The MSCI All-Country World Index of shares fell for a third day, dropping 0.2 percent. All major western-European stock markets slid as the Stoxx Europe 600 Index lost 1 percent, paring a rout that reached 2 percent.

“I’d take this as another of those blips when markets come to terms with less stimulus,” said Kully Samra, a London-based client manager at Charles Schwab Corp., which has $2.7 trillion in client assets. “The market is hooked on any words coming out of the Fed. Some recent economic reports have made people challenge the wisdom of another rate increase this year.”

Brainard, seen as a leading opponent of rate increases for much of the past year, is the last scheduled Fed speaker before the self-imposed blackout period running up to the Sept. 20-21 policy meeting. Any hawkish shift in her rhetoric may stoke volatility in financial markets, which on Friday put the probability of a hike in borrowing costs this month at 30 percent.

The MSCI Emerging Markets Index slid 2.4 percent, the most since June 24. The gauge has slumped 4.2 percent in two days, poised for a one-month low. The Hang Seng China Enterprises Index of mainland companies listed in Hong Kong sank 4 percent, the most in seven months, and South Korea’s Kospi lost 2.3 percent.

Treasuries fluctuated, with the yield on 10-year notes holding near 1.68 percent. The rate jumped 13 basis points in two days last week to end at the highest since June. The government will sell a combined $44 billion of three- and 10-year notes.

Germany’s 10-year yield climbed three basis points to 0.04 percent, and touched the highest level since June 24. Spanish bonds with a similar maturity dropped a fourth day, pushing the yield to the most in seven weeks.

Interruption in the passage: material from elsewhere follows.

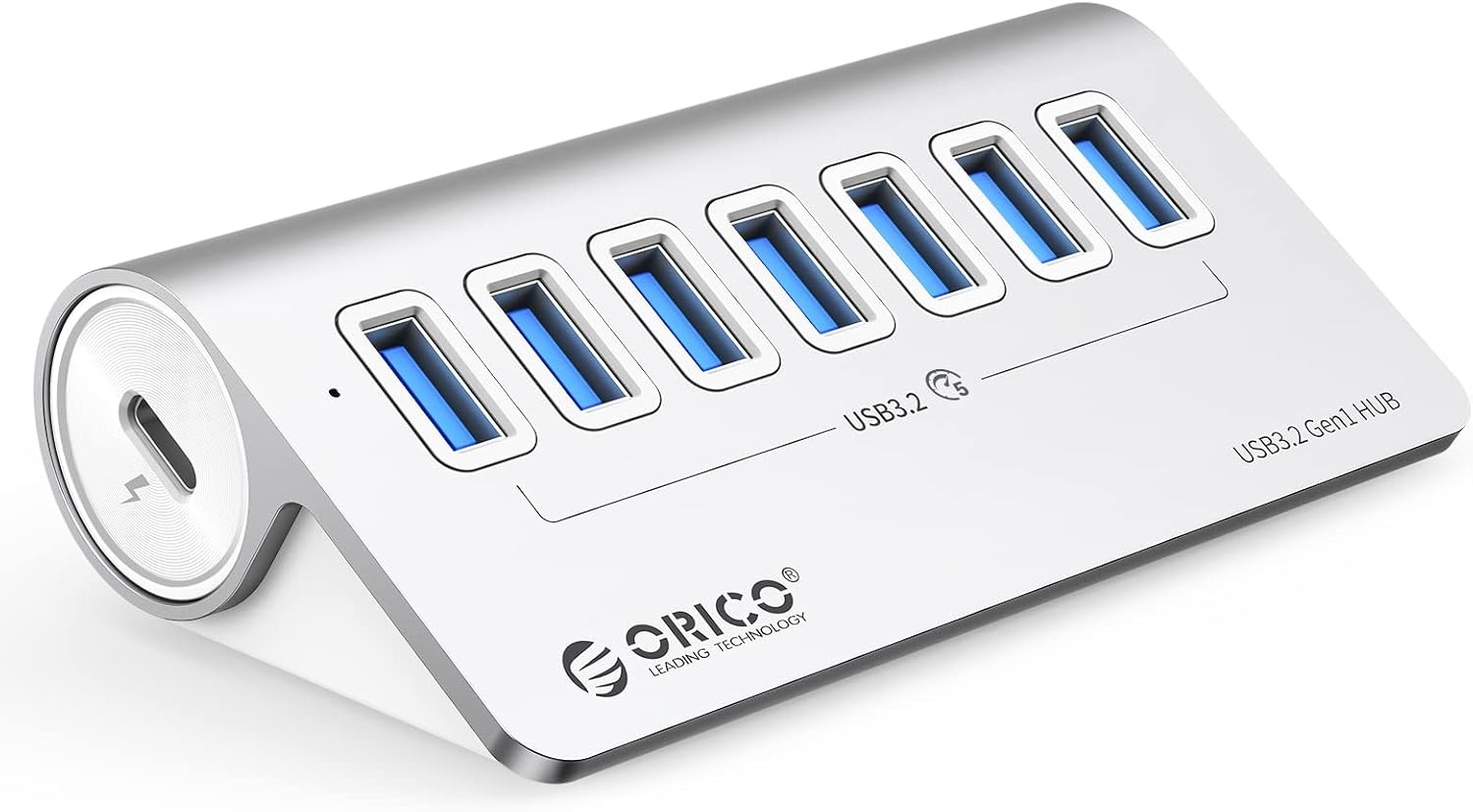 USB Hub 10 Gbps met 4 poorten (2x USB-A, 2x USB-C) - Aluminium, 59% Korting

“Growth is low and going to stay low and inflation is not really a problem,” Charles Diebel, London-based head of rates at Aviva Investors said in a Bloomberg TV interview with Manus Cranny and Nejra Cehic. “That’s not an environment where bonds get destroyed. It may be that their valuations are relatively rich and we’re experiencing a correction, but we’re not talking about the start of a huge bear market.”

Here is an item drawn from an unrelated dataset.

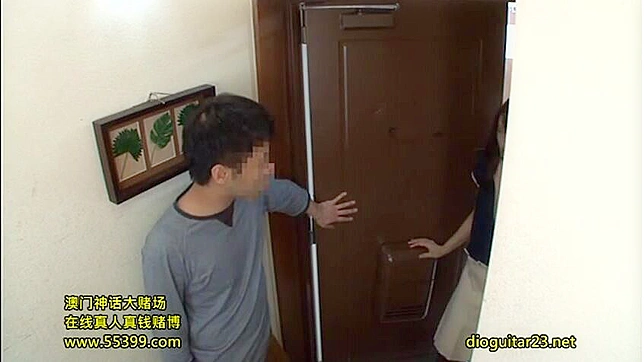 Neighbor Peeping leads to Hot Nippon Sex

Japanese government bonds with maturities of less than a decade advanced and longer-dated securities declined. The moves follow a Reuters report on Friday that said the Bank of Japan was studying options to steepen the nation’s yield curve.

Commodities

The Bloomberg Commodity Index rose 0.3 percent, after sliding 1.3 percent on Friday. Crude oil rebounded from losses of more than 1.5 percent to rise $1.1 percent to $46.40 a barrel in New York.

Gold slipped 0.5 percent to $1,327.90 an ounce in New York. Other metals declined as investors waited for signs on U.S. interest rates from Brainard.

Nickel slid 3 percent in London, dropping for the first time in eight days, while tin tumbled by the most since May. Iron ore fell in China to the lowest since June amid speculation the nation’s policy makers will tighten property curbs and so cool demand for steel.

Currencies

The Bloomberg Dollar Spot Index fluctuated near a one-week high before Brainard’s speech. The dollar showed little reaction to comments from the Fed chiefs for Atlanta and Minneapolis.

Dennis Lockhart repeated his call for a “serious discussion” about raising interest rates, even after some recent disappointing economic indicators, while Neel Kashkari said in an interview on CNBC that he doesn’t see any urgency to do anything.

The yen gained, paring a two-day drop, as the selloff in stocks and commodities spurred demand for the relative safety of Japan’s currency. The yen advanced 0.6 percent to 102.04 per dollar, after falling almost 1 percent over the past two days. The euro was little changed at $1.1223.

The MSCI Emerging Markets Currency Index slid 0.6 percent, leaving it down 1.3 percent over two days. The Mexican peso tumbled to a 2 1/2-month low. Financial markets in Singapore, Malaysia, Indonesia, Turkey and the Middle East were among those closed for holidays.